Of all the separate inquiries, the only reported response of any significance was a note from Diadiun to Rosen in which the reader rep wrote that Quinn, the NEOMG vice president, is “the one who has made the decisions on this matter.”

Then there’s the coverage of this episode on other websites, many of them with national audiences: Cleveland’s Scene alt-weekly (and also, and also), TechDirt, Wonkette, MSNBC, Talking Points Memo, WAKR. This is not an obscure story. (I’m probably missing examples in both categories—please email me if you know of more).

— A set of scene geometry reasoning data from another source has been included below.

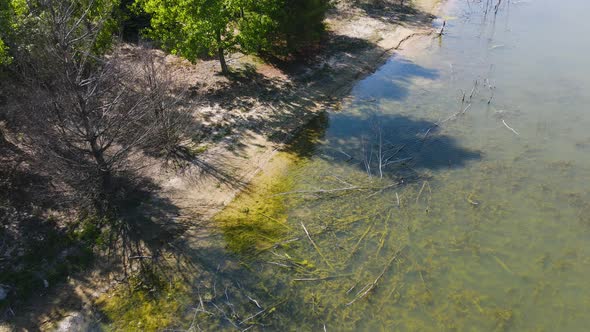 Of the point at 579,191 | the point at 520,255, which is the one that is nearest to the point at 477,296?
the point at 520,255

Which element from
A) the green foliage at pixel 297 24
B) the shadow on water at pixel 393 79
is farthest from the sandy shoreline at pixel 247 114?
the green foliage at pixel 297 24

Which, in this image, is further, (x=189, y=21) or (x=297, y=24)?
(x=297, y=24)

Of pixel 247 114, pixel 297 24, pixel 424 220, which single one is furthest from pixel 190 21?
pixel 424 220

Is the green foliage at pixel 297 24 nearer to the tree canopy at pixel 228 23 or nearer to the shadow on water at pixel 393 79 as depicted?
the tree canopy at pixel 228 23

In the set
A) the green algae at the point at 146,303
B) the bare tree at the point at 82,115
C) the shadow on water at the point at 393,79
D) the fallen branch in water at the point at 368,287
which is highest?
the bare tree at the point at 82,115

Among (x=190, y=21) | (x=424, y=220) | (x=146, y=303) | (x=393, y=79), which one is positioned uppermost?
(x=190, y=21)

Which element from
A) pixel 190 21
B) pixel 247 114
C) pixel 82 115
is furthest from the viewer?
pixel 247 114

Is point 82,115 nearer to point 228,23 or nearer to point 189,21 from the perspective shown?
point 189,21

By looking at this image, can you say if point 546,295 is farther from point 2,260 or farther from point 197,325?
point 2,260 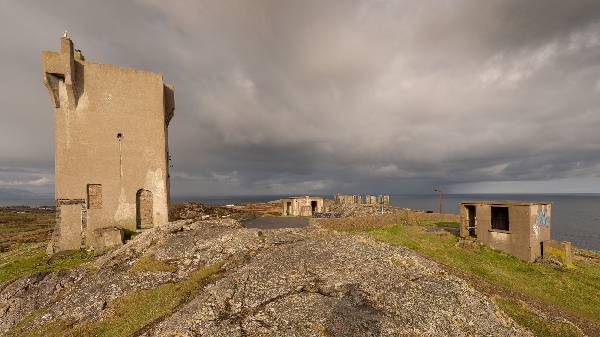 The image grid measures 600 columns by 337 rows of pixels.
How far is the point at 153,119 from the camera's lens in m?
26.5

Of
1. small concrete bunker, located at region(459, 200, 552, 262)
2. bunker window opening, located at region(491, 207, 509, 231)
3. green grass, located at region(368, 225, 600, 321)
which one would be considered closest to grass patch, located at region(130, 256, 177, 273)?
green grass, located at region(368, 225, 600, 321)

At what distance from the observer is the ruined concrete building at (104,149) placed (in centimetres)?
2338

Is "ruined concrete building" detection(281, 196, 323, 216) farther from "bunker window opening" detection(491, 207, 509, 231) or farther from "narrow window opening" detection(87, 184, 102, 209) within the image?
"narrow window opening" detection(87, 184, 102, 209)

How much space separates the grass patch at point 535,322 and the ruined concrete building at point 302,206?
35.7 m

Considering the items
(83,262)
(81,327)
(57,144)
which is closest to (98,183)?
(57,144)

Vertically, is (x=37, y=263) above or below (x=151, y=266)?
below

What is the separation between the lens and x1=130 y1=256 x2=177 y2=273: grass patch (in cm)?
1781

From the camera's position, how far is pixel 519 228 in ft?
85.8

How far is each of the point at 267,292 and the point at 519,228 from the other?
25.2 meters

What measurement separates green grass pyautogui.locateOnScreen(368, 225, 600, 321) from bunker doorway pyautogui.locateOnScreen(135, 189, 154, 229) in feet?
75.7

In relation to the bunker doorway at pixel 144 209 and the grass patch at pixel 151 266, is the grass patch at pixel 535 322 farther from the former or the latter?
the bunker doorway at pixel 144 209

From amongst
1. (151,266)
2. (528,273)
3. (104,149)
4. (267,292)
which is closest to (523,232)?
(528,273)

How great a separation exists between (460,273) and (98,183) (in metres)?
29.9

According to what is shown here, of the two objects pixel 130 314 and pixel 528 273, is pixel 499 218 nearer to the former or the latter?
pixel 528 273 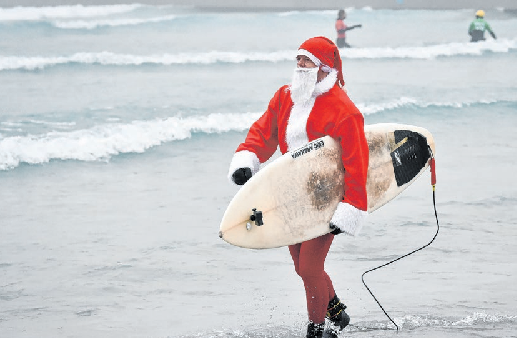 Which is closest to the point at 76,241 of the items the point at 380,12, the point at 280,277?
the point at 280,277

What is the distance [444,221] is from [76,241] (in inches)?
115

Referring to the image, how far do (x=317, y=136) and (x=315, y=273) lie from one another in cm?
63

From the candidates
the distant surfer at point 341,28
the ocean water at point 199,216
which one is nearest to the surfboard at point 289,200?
the ocean water at point 199,216

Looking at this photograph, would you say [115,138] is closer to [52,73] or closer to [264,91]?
[264,91]

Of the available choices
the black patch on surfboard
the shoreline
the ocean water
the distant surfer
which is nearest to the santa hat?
the black patch on surfboard

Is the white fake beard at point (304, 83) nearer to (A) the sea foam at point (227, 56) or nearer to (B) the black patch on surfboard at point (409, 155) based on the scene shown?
(B) the black patch on surfboard at point (409, 155)

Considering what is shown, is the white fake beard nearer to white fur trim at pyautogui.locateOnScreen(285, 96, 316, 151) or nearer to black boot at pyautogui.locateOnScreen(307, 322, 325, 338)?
white fur trim at pyautogui.locateOnScreen(285, 96, 316, 151)

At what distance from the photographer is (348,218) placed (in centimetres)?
351

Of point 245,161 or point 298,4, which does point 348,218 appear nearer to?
point 245,161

It’s not unusual for management at NEOMG and The Plain Dealer to decline to address criticism. CJR has published several stories about labor disputes or declining morale at The Plain Dealer, related to the rise of NEOMG. Each time, management has declined to comment. (Quinn did talk, though, when we asked about the outlets’ new in-house factchecking feature.)

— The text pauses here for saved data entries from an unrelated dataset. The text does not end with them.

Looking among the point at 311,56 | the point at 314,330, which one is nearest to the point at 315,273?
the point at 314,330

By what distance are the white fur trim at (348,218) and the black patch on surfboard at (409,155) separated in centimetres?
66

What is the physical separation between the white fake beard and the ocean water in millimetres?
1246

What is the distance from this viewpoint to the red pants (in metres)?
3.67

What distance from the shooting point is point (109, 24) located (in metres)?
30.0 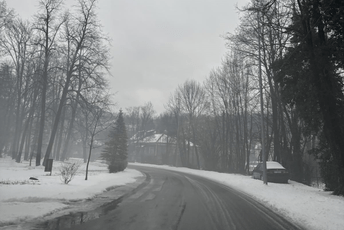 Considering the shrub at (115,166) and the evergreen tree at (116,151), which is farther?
the evergreen tree at (116,151)

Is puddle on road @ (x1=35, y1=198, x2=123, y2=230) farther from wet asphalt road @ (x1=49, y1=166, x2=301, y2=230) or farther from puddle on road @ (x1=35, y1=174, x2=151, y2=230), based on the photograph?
wet asphalt road @ (x1=49, y1=166, x2=301, y2=230)

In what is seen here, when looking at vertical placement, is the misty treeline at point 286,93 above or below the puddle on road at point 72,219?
above

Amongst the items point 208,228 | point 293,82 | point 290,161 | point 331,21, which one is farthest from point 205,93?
point 208,228

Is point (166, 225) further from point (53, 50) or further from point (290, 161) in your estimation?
point (53, 50)

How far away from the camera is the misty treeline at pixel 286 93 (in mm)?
9977

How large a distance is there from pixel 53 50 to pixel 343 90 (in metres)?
24.2

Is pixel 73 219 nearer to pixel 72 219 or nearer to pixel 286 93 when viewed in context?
pixel 72 219

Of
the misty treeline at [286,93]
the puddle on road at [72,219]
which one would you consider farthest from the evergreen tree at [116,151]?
the puddle on road at [72,219]

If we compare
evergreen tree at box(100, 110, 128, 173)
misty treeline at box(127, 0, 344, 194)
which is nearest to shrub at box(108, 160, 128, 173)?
evergreen tree at box(100, 110, 128, 173)

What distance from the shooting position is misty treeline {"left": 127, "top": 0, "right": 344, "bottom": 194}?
32.7ft

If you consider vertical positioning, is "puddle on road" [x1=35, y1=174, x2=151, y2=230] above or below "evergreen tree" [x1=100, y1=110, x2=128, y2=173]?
below

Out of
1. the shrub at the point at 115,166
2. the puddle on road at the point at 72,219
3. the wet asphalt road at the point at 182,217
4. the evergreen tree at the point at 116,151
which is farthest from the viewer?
the evergreen tree at the point at 116,151

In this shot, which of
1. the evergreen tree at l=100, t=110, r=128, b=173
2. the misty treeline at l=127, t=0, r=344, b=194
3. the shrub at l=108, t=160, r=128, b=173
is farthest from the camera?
the evergreen tree at l=100, t=110, r=128, b=173

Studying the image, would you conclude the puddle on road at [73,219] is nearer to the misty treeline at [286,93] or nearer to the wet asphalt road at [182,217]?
the wet asphalt road at [182,217] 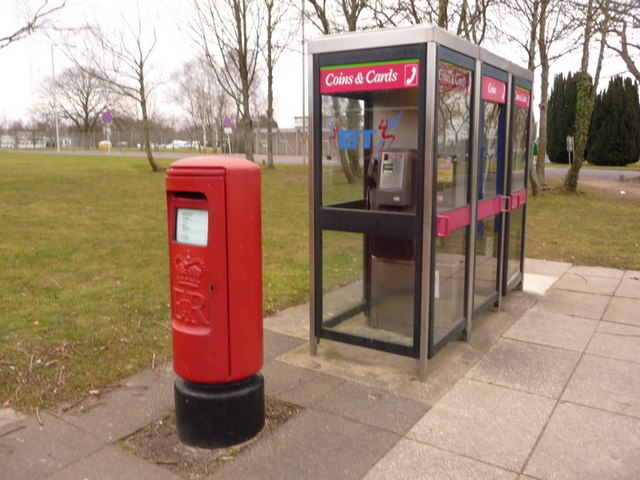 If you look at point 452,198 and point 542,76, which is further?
point 542,76

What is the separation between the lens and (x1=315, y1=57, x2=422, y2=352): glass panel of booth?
4195mm

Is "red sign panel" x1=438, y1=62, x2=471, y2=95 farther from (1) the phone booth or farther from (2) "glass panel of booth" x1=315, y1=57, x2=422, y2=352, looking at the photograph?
(2) "glass panel of booth" x1=315, y1=57, x2=422, y2=352

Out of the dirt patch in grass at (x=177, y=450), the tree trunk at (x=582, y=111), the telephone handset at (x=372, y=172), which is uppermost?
the tree trunk at (x=582, y=111)

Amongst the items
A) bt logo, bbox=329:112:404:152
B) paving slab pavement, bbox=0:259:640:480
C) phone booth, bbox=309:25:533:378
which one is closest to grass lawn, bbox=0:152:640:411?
paving slab pavement, bbox=0:259:640:480

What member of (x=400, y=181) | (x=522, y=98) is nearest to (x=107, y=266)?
(x=400, y=181)

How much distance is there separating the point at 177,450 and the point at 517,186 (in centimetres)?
427

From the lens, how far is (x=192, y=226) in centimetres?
303

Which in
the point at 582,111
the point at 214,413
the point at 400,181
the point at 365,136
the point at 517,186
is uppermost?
the point at 582,111

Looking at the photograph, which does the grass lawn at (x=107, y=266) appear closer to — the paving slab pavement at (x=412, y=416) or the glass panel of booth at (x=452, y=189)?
the paving slab pavement at (x=412, y=416)

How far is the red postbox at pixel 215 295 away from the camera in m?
2.96

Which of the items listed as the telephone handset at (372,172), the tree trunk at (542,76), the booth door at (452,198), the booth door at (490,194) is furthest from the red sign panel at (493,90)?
the tree trunk at (542,76)

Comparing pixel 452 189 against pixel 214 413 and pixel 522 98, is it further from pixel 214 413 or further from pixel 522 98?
pixel 214 413

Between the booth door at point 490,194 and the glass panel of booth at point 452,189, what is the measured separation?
32 cm

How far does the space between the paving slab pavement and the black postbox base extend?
0.14m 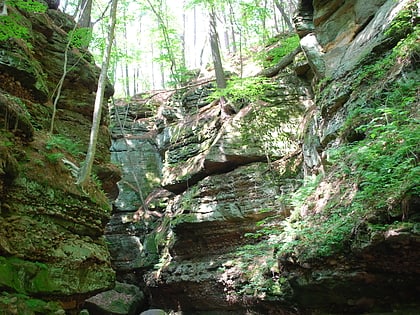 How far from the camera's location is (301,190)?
28.8 feet

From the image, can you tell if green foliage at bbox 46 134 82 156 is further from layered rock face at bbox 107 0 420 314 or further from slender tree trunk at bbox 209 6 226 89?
slender tree trunk at bbox 209 6 226 89

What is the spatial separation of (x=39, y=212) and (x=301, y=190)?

That’s frustrating. But those stories are also largely inside-baseball, and NEOMG and The Plain Dealer are part of Advance Publications, which, in general, don’t talk much about internal operations.

This case is different. Removing the video was a public editorial decision, and the decision has drawn a lot of public discussion. Give NEOMG the benefit of the doubt, and assume for the sake of argument that the video was removed for good reason, like one of the scenarios mooted here. Or, even, the scenario outlined by Rosen here. It should be a straightforward thing for a news organization—especially one that prides itself on engagement!—to offer an explanation.

Instead, the top editor is ignoring calls and emails, the reader rep will apparently not be writing about any of this, and the original article doesn’t even carry an update to note the video’s disappearance. As former former Plain Dealer columnist Connie Schultz writes on Facebook: “The lack of disclosure raises questions and fuels speculation.” It becomes harder to give the benefit of the doubt.

This is how Jill Miller Zimon, a freelance writer and political advocate in Ohio, described the consequences of the silence:

…NEOMG’s failure to provide a public explanation, let alone leave the video up, goes beyond a kick in the collective gut. Absent even the lamest of public explanations, this behavior lends itself to an interpretation that they don’t care how their behavior jeopardizes the community’s striving toward high expectations, high standards and high achievement, particularly in the areas of openness, transparency or public engagement. And, it would seem, again absent their public explaining, that they don’t care that we care. How ironic that this mirrors the very behavior we would see on display in the video we cannot currently access in its entirety.

“They don’t care that we care.” That’s a dangerous place.